Retype the listing below line for line, but only from the line with "Uzaylı yok ama dünyada ’yeni tür’ var!" down to the line with "DNF掉线数据清理图片", inclusive. Pictures stay out.

Given data:
- Opening Delimiter -

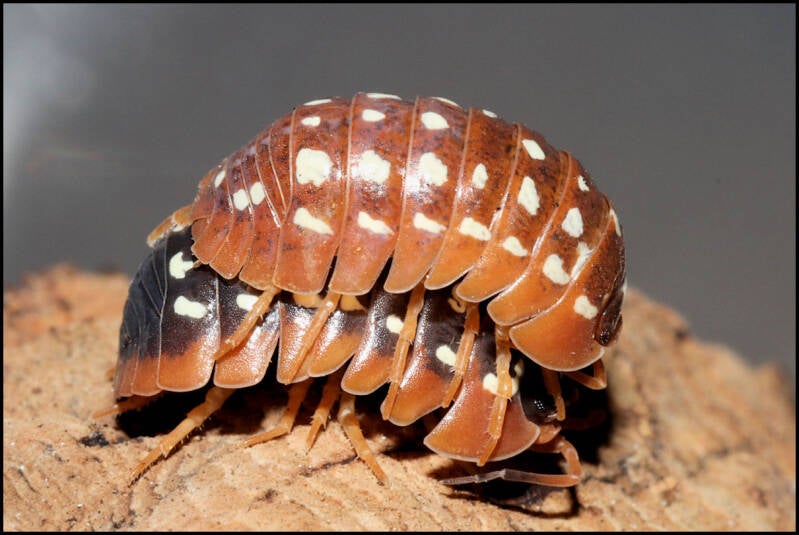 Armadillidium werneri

- Closing Delimiter -
- Opening Delimiter -

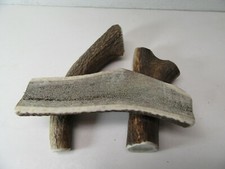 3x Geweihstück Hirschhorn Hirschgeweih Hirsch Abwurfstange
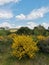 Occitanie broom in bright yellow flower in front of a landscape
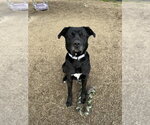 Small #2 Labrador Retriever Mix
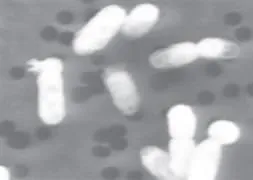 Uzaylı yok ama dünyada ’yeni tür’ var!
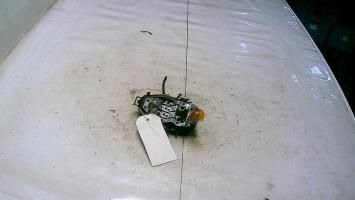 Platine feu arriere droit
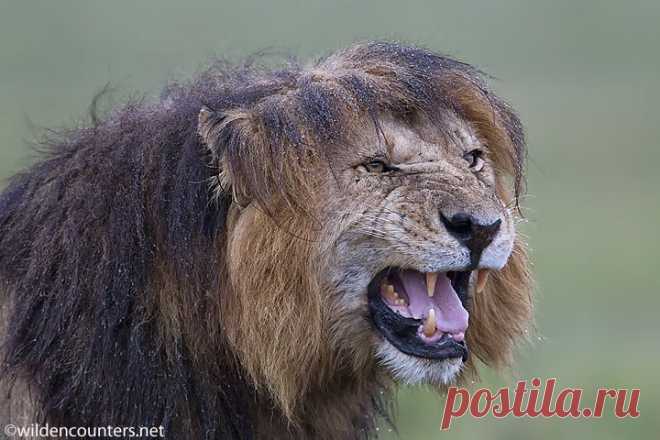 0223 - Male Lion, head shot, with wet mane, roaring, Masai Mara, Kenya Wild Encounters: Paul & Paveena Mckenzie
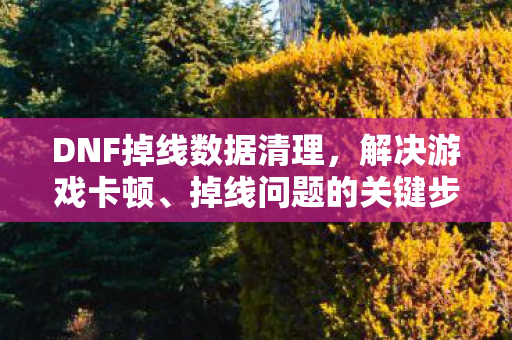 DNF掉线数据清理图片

- Closing Delimiter -

Written solution:
 Uzaylı yok ama dünyada ’yeni tür’ var!
 Platine feu arriere droit
 0223 - Male Lion, head shot, with wet mane, roaring, Masai Mara, Kenya Wild Encounters: Paul & Paveena Mckenzie
 DNF掉线数据清理图片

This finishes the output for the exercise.